Selasa, 27 April 2010

"Intelligent Design" and Scotism

Now that I've prepared the ground a little bit, I feel more prepared to consider Dr Torley's claim that ID proponents are Scotists, or at least that Scotism is more sympathetic to their position than Thomism is.

I find little to complain about in Dr Torley's account of univocity and intelligence as a pure perfection in Scotus. It's accurate enough for his purposes. I'm less sure, however, about his attempts to apply these notions to ID.

First of all, the ID definitions of "intelligence" seem very unscotistic and unscholastic to me. Consider the following:

Intelligent Design. The study of patterns in nature that are best explained as the product of intelligence.

Intelligence. Any cause, agent, or process that achieves and end or goal by employing suitable means or instruments.

Design. An event, object, or structure that an intelligence brought about by matching means to ends.


These definitions seem to be designed to lead to the desired conclusion from the outset, but they're very odd. On the one hand, since any pattern in nature whatsoever is, insofar as it is patterned, intelligible, one might use a metaphysical argument to infer an intelligence: any intelligible in potency, the argument might go, implies a prior intelligible in act, that is, an understanding intelligence. But this applies as much to non-living things as to living ones. The ancients argued to God from the regularity of the motion of the heavenly bodies without examining their structure for complex specified functional information.

Furthermore, I'm not at all sure about the definition of intelligence as something that achieves ends by employing means. I suspect that one could argue that computers and elephants and Venus flytraps are intelligent by this standard. But traditionally intelligence is defined in terms of the act of understanding, that is, in the particular way that the forms of intelligible things are objectively apprehended by the intelligent thing, and in terms of intentionality. My computer neither understands nor intends, but it matches means to end in accordance with its programming - doesn't it?

By the way, every "scientific" attempt at defining intelligence in terms of some marker-activity like the use of tools, communication, problem-solving, etc., has always seemed wildly off the mark to me. These all may or may not be intelligent activity. But unless the activity is also intentional and objectively apprehensive, it's not indicative of intelligence per se. In my estimation the best marker for intelligence is still the capacity for abstraction.

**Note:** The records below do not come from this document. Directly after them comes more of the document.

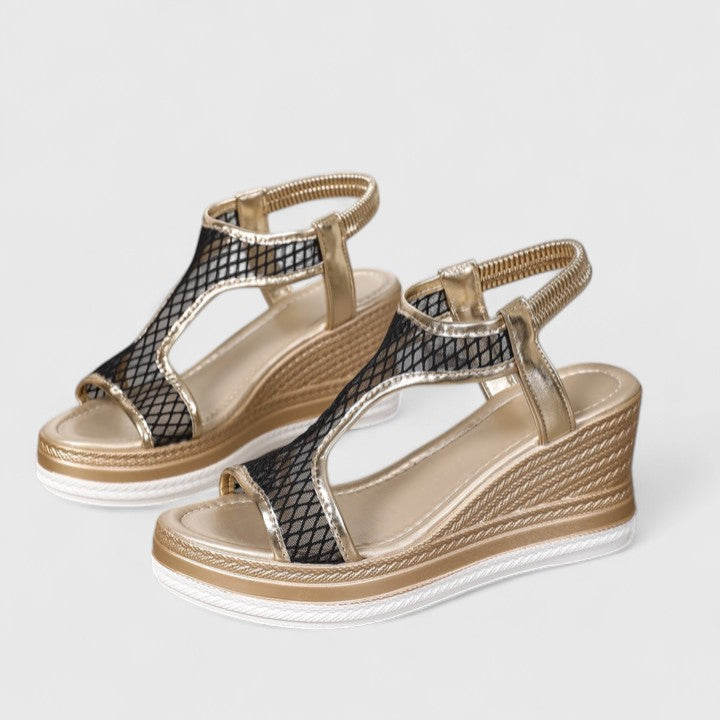Delilah - Chic Orthopaedic Sandals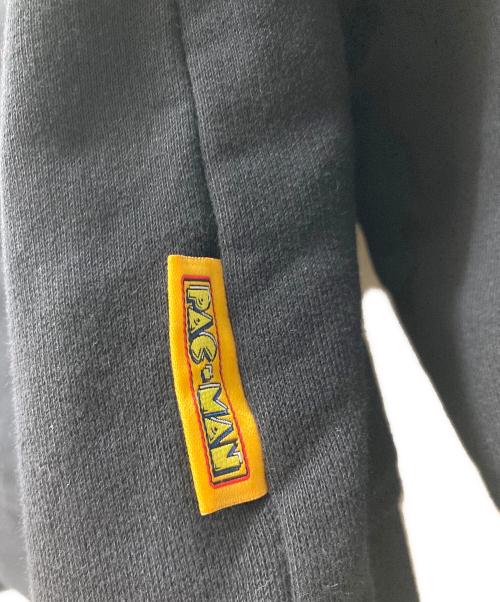 DSQUARED2（ディースクエアード）DSQUARED2 (ディースクエアード) Pac-Man Hercalina パーカー ブラック サイズ:XSの古着・服飾アイテム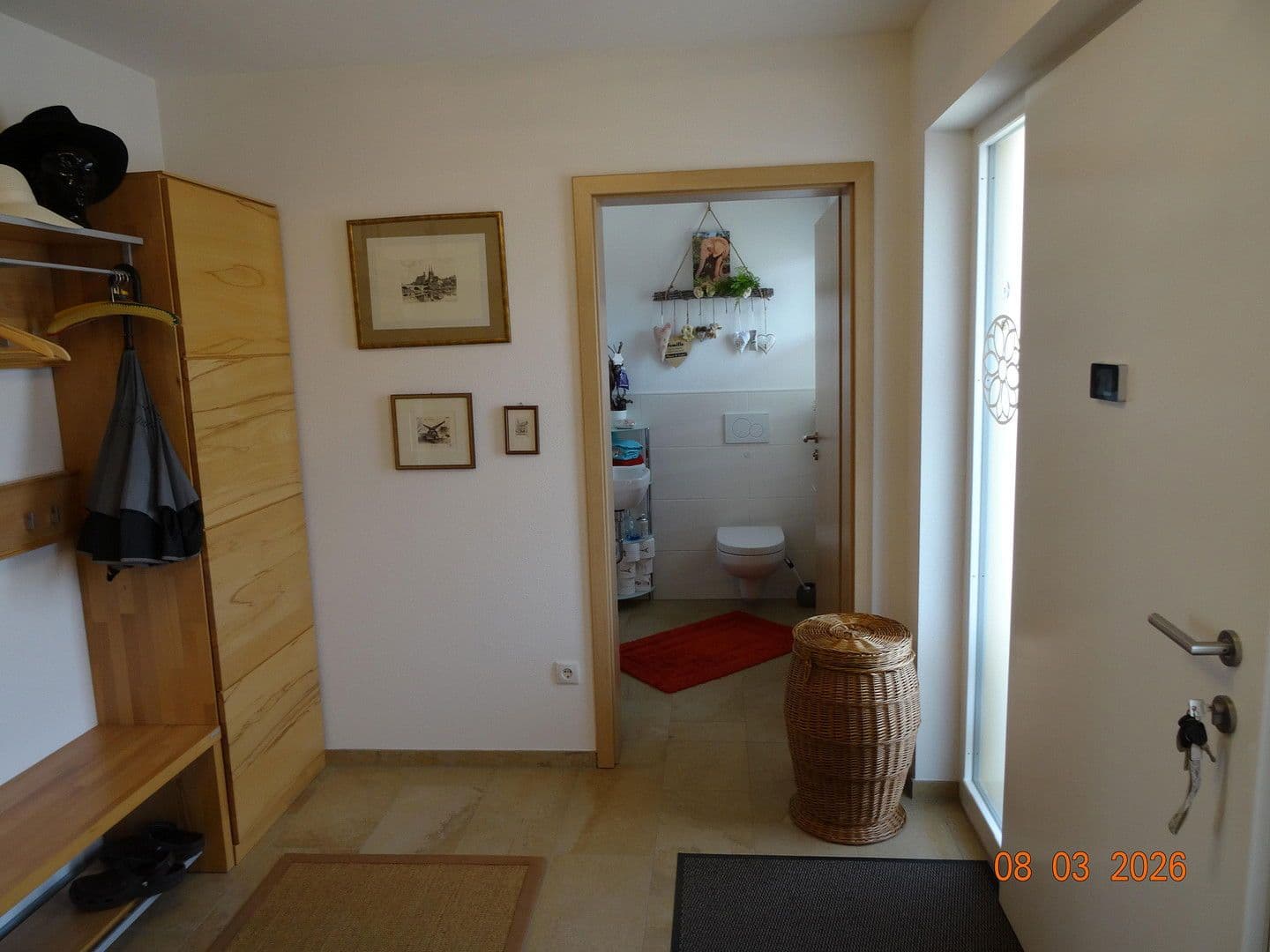 Predaj domu 193 m², pozemek 886 m², Elfershausen, Bavorsko Predaj domu 193 m², pozemek 886 m², Elfershausen, Bavorsko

Similarly, the definition of "Design" seems much too broad. When an angry monkey throws feces at me to make me go away or a hungry monkey throws a rock at a banana clump, isn't this matching means to ends? When a bird looks for twigs to build a nest, isn't it matching means to ends? But I don't think we want to call either the feces-volley or the nest indications that the monkey or the bird are designers. And, as I indicated earlier, when looking at the world of nature I'm not sure how the intelligibility and order in the world of physics is either more or less indicative of "design" than that in the world of life: both non-living physical objects and living things exist and come to be by nature, which exhibits a marvelous order and intelligibility.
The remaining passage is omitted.